Objective 1: improvement in strong scaling with threads of a factor of at least 2, without increasing the memory footprint per node.

Achievements: OpenMP threading was extended to several further subroutines, in particular specialist matrix-matrix multiplications and the FFTs. Performance is improved for all OpenMP thread counts > 1, and for most benchmarks the lowest computation time is now achieved with 2-3 times the previous best number of threads (see Technical Report, Figure 3).

2. Development of a parallel performance model for CASTEP

Develop a parallel performance model for CASTEP to enable CASTEP to better optimise its parallelisation strategy automatically. Success will be measured by the parallel performance improvement compared to the present parallelisation choice.

Objective 2: creation and implementation of a parallel model of CASTEP performance, and automatic choice of parallelism parameters.

Achievements: A micro-benchmark was created to time the performance of the FFT for a variety of process groupings. This has been integrated into Castep, allowing automatic selection of the shared-memory usage of MPI processes and a reduction in run-time of over 25 % compared to using the default setting (and up to 10 % compared to using the recommended setting for ARCHER; see Technical Report, Figure 4).

Summary of the software

CASTEP (www.castep.org) is a UK-based state-of-the-art implementation of DFT and a flagship code for UK HPC. It was rewritten in 1999-2001 according to sound software engineering principles and with HPC in mind. It is available as a system-installed binary on ARCHER, and versions 18.1 and 18.2 (provisional numbering) - which include the developments from this project - will be available following their release.

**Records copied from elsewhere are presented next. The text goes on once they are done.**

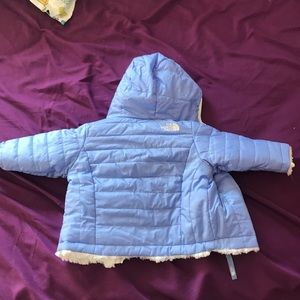 The North Face Jackets & Coats - North Face Baby Girl Jacket The North Face Jackets & Coats - North Face Baby Girl Jacket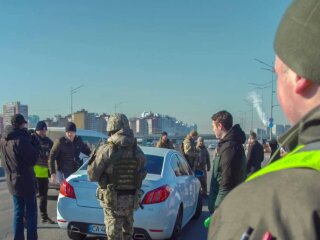 Блокпост, скриншот: YouTube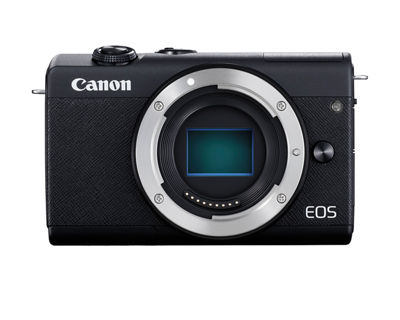 EOS M200 Body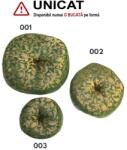  Perna Bolul Tibetan Rotund 12-20 x 5 cm - 1 Buc - concepttropic - 35,00 RON Castron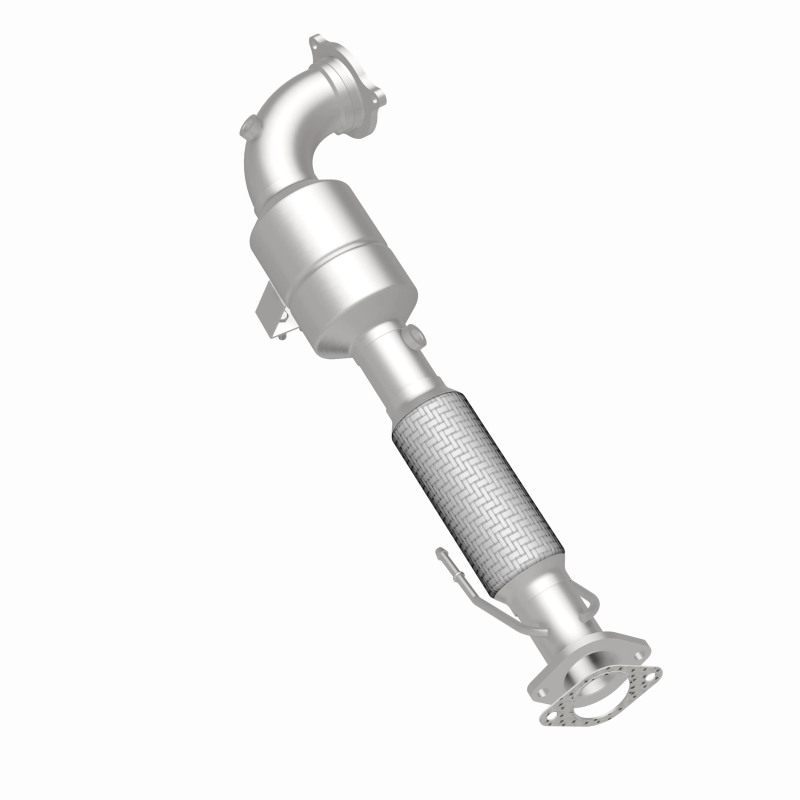 Ford Fusion Catalytic Converter - Magnaflow - Direct Fit Federal - `13-`20
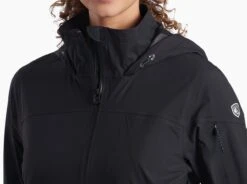 The One™ Shell 13 The One™ Shell -Sports Clothing Shop 2175 ws the one shell raven detail 1 pdp photo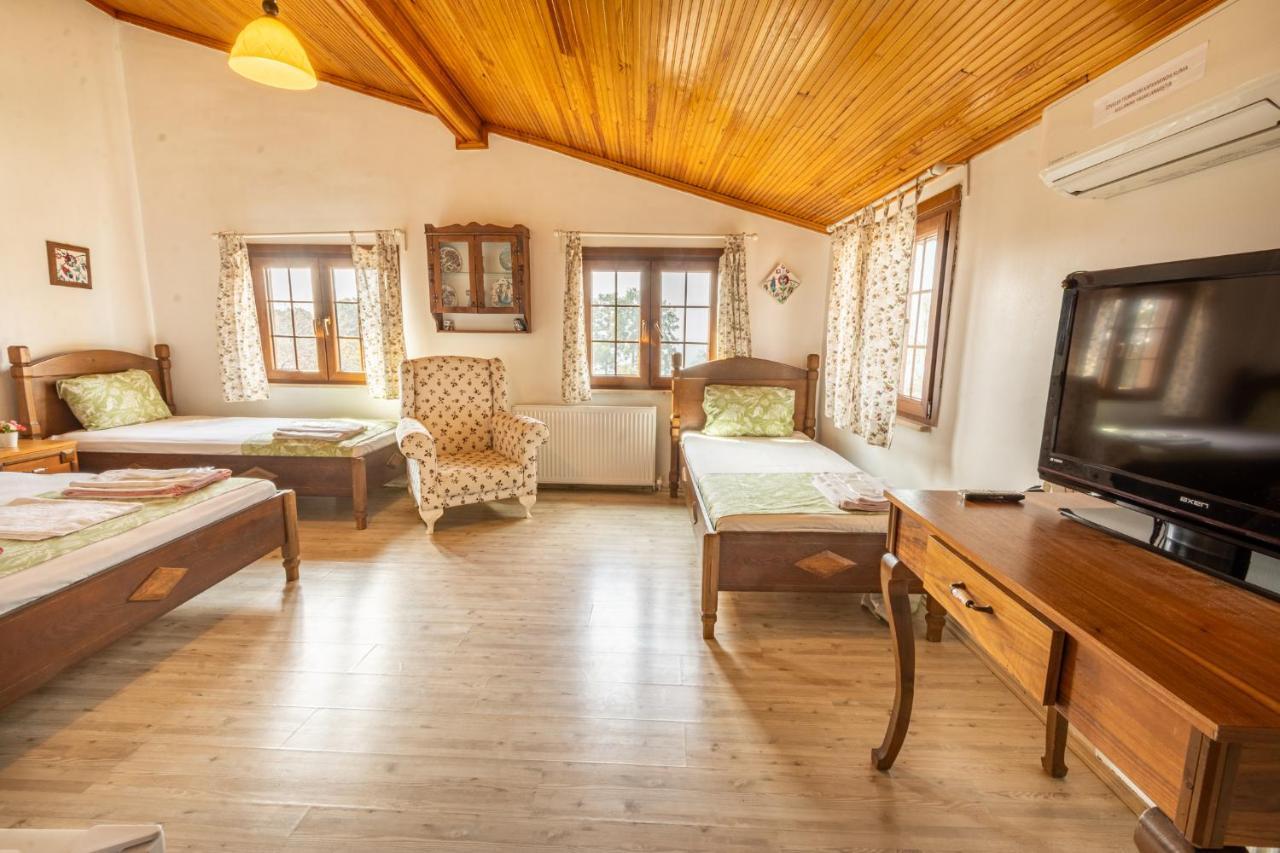 Iznik Seyir Otel Екстер'єр фото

CASTEP and its source code are available generally under a free-of-charge licence to all academics in the UK, from CCPForge.

CASTEP source code is also available (for a fee; currently €1800) to academics working elsewhere in the EU. Pre-compiled CASTEP programs are marketed worldwide by BIOVIA Inc. along with their GUI; for more information, see Getting CASTEP.

The threading optimisations performed during this project have already been merged into the codebase for CASTEP 18.1, to be released later this year. The parallel model will be merged and released in the following release. Both sets of developments will be fully integrated into the main codebase, and hence available to all academic and commercial users worldwide.